### WORK ITEM
From top to bottom, print the listing word for word and skip any pictures it contains.

### INPUT DATA
⟨

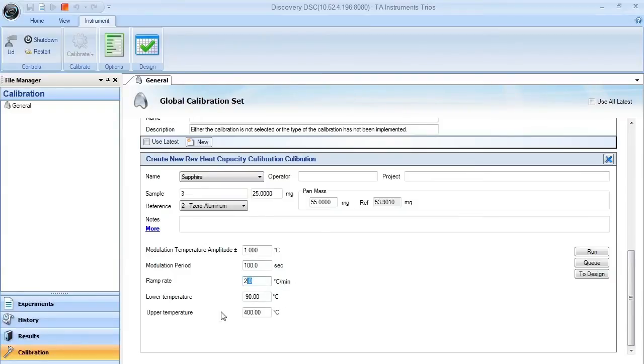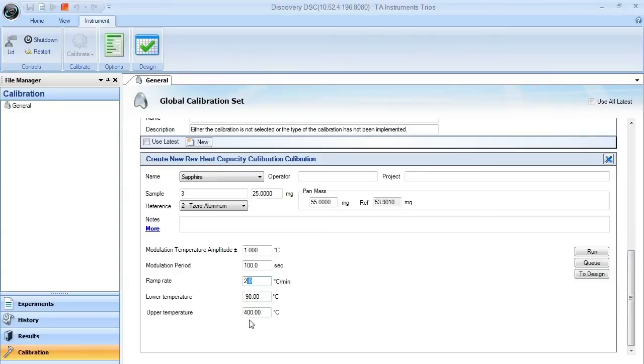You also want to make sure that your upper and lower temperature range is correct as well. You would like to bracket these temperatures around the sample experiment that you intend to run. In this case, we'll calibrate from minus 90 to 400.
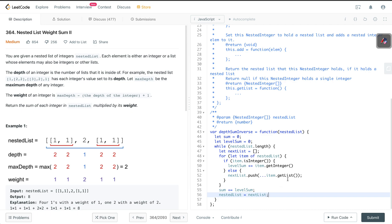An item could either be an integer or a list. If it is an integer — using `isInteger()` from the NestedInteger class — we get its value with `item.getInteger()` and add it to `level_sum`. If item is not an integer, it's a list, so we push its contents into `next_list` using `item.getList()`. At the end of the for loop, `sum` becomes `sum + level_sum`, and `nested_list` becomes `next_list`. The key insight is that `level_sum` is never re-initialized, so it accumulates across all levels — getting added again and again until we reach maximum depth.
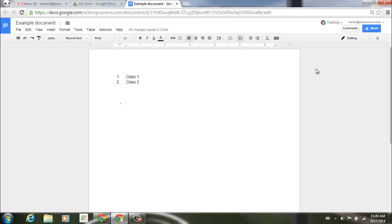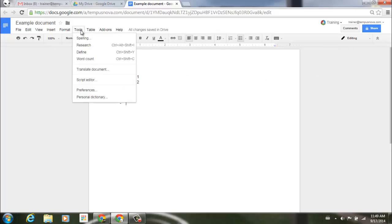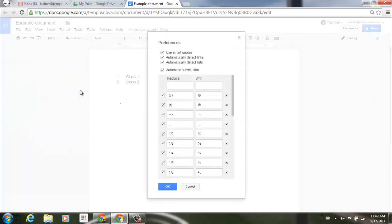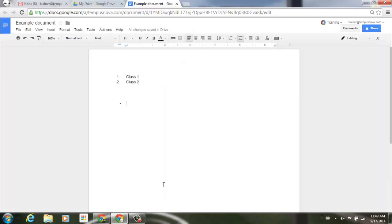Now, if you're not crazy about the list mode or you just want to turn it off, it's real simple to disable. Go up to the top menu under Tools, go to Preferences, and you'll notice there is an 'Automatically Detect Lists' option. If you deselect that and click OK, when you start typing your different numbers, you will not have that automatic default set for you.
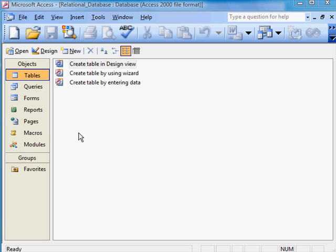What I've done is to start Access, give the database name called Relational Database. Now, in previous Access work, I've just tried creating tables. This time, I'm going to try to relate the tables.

⟩

### OUTPUT FOR THIS EXERCISE
You also want to make sure that your upper and lower temperature range is correct as well. You would like to bracket these temperatures around the sample experiment that you intend to run. In this case, we'll calibrate from minus 90 to 400.
An item could either be an integer or a list. If it is an integer — using `isInteger()` from the NestedInteger class — we get its value with `item.getInteger()` and add it to `level_sum`. If item is not an integer, it's a list, so we push its contents into `next_list` using `item.getList()`. At the end of the for loop, `sum` becomes `sum + level_sum`, and `nested_list` becomes `next_list`. The key insight is that `level_sum` is never re-initialized, so it accumulates across all levels — getting added again and again until we reach maximum depth.
Now, if you're not crazy about the list mode or you just want to turn it off, it's real simple to disable. Go up to the top menu under Tools, go to Preferences, and you'll notice there is an 'Automatically Detect Lists' option. If you deselect that and click OK, when you start typing your different numbers, you will not have that automatic default set for you.
What I've done is to start Access, give the database name called Relational Database. Now, in previous Access work, I've just tried creating tables. This time, I'm going to try to relate the tables.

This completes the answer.